Your task: Beginning with the line that contains "Sunset on the", print each line to the end of the data exactly. Omit the pictures.

○ ○ ○

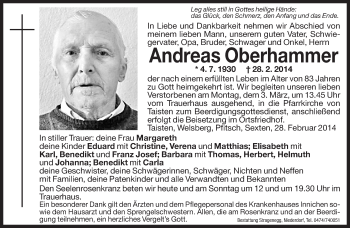 Traueranzeige von Andreas Oberhammer von Dolomiten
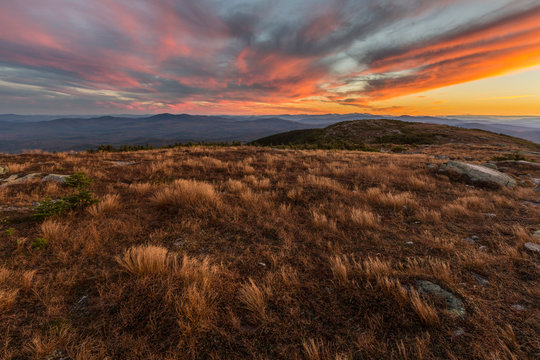 Sunset on the Appalachian Trail on Saddleback Mountain in Maine's High Peaks Region.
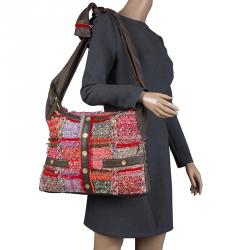 مملوكة مسبقًا حقيبة شانيل غيرل كبيرة جلد وشراشيب تويد متعددة الألوان/ كاكية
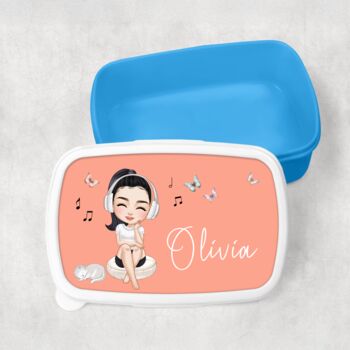 Personalised Music Girl Lunch Box Custom Design, 2 of 10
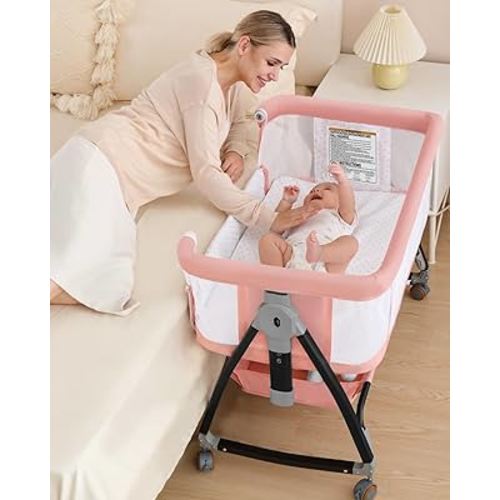 Bedside Bassinet for Baby, 3 in 1 Breathable Mesh Baby Bassinet, 6 Height Adjustable, Easy to Assemble, Bassinet Bedside Sleeper with Wheels, Mosquito Net, Storage Basket, Bassinets for Newborn Baby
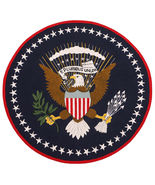 US Logo Flag 8&#39;x8&#39; ft Eagle Pluribus President Hand Tufted 100% Woolen A... - £287.26 GBP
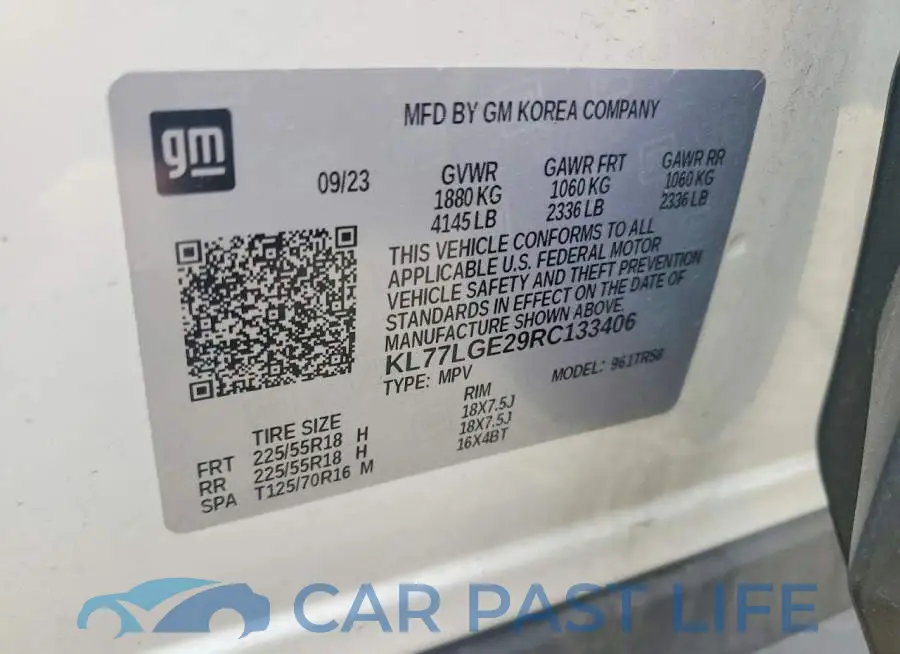 KL77LGE29RC133406# 12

○ ○ ○

Result:
 Sunset on the Appalachian Trail on Saddleback Mountain in Maine's High Peaks Region.
 مملوكة مسبقًا حقيبة شانيل غيرل كبيرة جلد وشراشيب تويد متعددة الألوان/ كاكية
 Personalised Music Girl Lunch Box Custom Design, 2 of 10
 Bedside Bassinet for Baby, 3 in 1 Breathable Mesh Baby Bassinet, 6 Height Adjustable, Easy to Assemble, Bassinet Bedside Sleeper with Wheels, Mosquito Net, Storage Basket, Bassinets for Newborn Baby
 US Logo Flag 8&#39;x8&#39; ft Eagle Pluribus President Hand Tufted 100% Woolen A... - £287.26 GBP
 KL77LGE29RC133406# 12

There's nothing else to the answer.